Sven von Reden, Spiegel

Ein Zeitungsartikel, der von einem Pensionsbetrug berichtete, habe ihn zu „Shoplifters“ inspiriert, erzählt Kore-eda: „Zeitgenössische soziale Probleme werden in japanischen Filmen gerne vernachlässigt“, so der Regisseur über den klaffenden Klassengegensatz innerhalb der japanischen Gesellschaft: „Ich habe mich auch schon in früheren Filme und in meinen Fernseharbeiten mit diesen Thematiken beschäftigt. Doch gerade darin (Kindesvernachlässigung aufzuzeigen, wie im Film ‚Nobody knows‘) liege sein Anliegen, sagt Kore-eda Hirokazu: Menschen ins Rampenlicht zu rücken, die üblicherweise im Dunkeln bleiben. So auch in „Shoplifters“: „Die Leute, von denen ich da berichte, haben kein ‚normales‘ soziales Leben und bleiben aus diesem Grund unsichtbar. Doch ich will sie sichtbar machen.“

Alexandra Seibel, KURIER

Die Wohnung ist bereits in den ersten Szenen mehr als ein Fluchtpunkt, die Kamera zeigt eine Welt, in der es 1000 Stäbe gibt. Überall sind Wände, Pfosten, Rahmen, und andere Beschränkungen zu sehen. Der junge Shota schläft wohl nicht zufällig in einer Art Schrank, so wie Harry Potter im Ligusterweg bei den Dursleys, auch ein Findelkind. Raum ist beschränkte Ware, wenn der Mann vom Sozialamt kommt, um nach Oma zu schauen, müssen die anderen durch die Hintertür verschwinden. Kore-eda beobachtet so behutsam wie genau, er gibt seinen Figuren den Raum, der ihnen in der Wohnung fehlt. Er zeigt nicht mit Stäbchen auf sie. Obendrein endet „Shoplifters“ mit einem großartigen Schnitt, der dem Zuschauer eine Entscheidung überlässt, Aufbruch oder Ende, Hoffnung oder Katastrophe. Kommt darauf an, ob man an Familienbande glaubt oder eben nicht.
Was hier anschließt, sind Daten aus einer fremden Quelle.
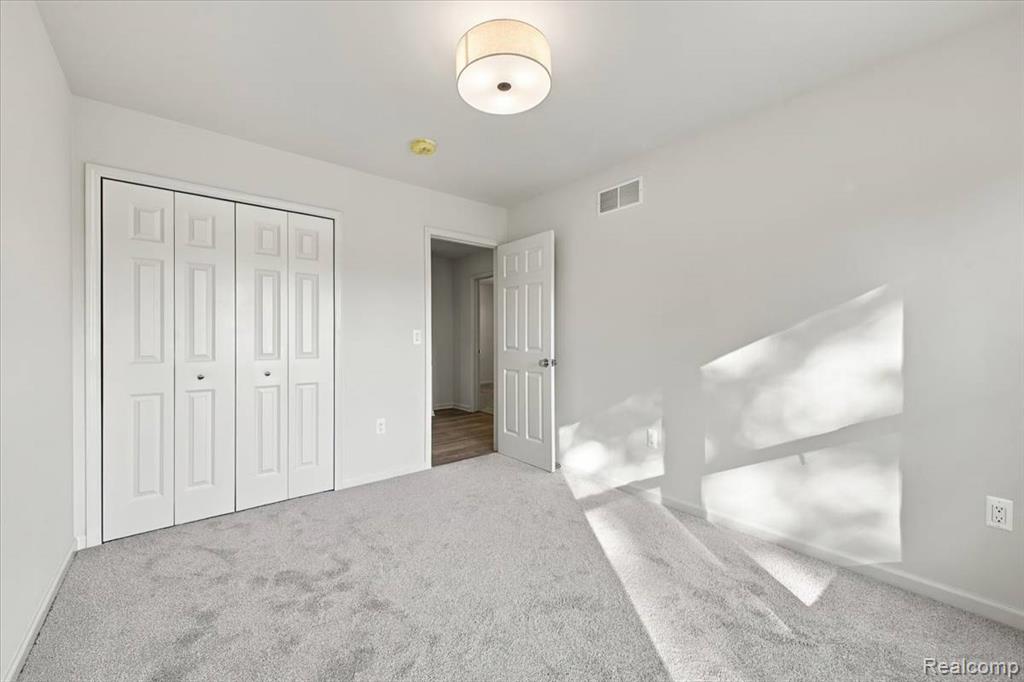 2204 Mahan Street Property Photo 26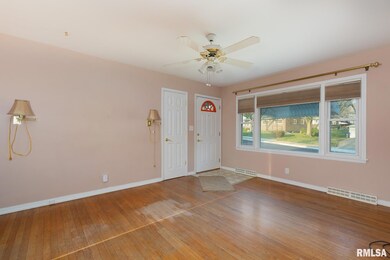 1018 N Elmwood Ave, Davenport, IA 52804 - photo 2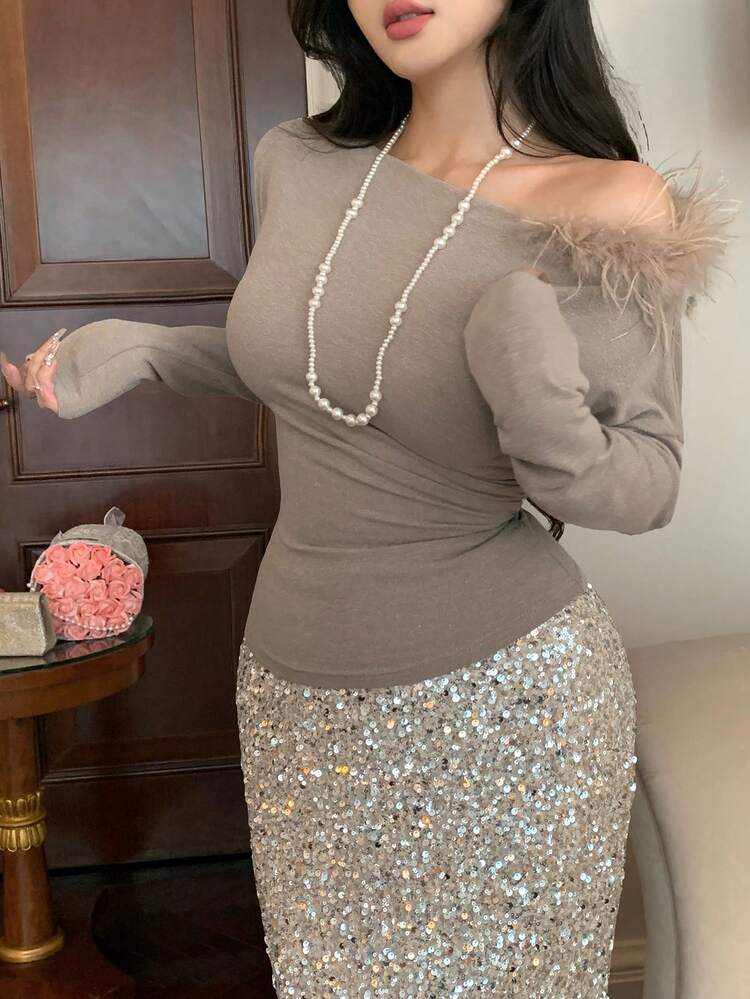 Women's Off-Shoulder Fluffy Decor Fashion Versatile Commuting Party Long Sleeve T-Shirt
Holger Kreitling, Welt online


Der Regisseur

Hirokazu Kore-eda wird am 6. Juni 1962 in Tokio geboren. Seine Familie ist nicht unbedingt als begütert zu bezeichnen: Der Vater, ein ehemaliger Kriegsteilnehmer und als solcher jahrelang in Gefangenschaft, arbeitet in den verschiedensten niederen Jobs. Hauptsächlich zum Lebensunterhalt der Familie trägt die Mutter bei. Die Eltern sind nicht gerade begeistert, als sich ihr Sohn entschließt, sein Leben der Kunst und Kultur zu verschreiben.

Er studiert zunächst Literatur an der Waseda Universität, landet dann aber bei der TV Produktionsfirma ‚TV Man Union‘. Dort realisiert er Dokumentarfilme für das Fernsehen. zentrale Themen sind die Erinnerung, das Leben und das Sterben. Mit seinem ersten Spielfilm ‚Maboroshi-Das Licht der Illusion‘ gewinnt Kore-eda im Jahr 1995 sogleich einen Preis bei den Filmfestspielen von Venedig.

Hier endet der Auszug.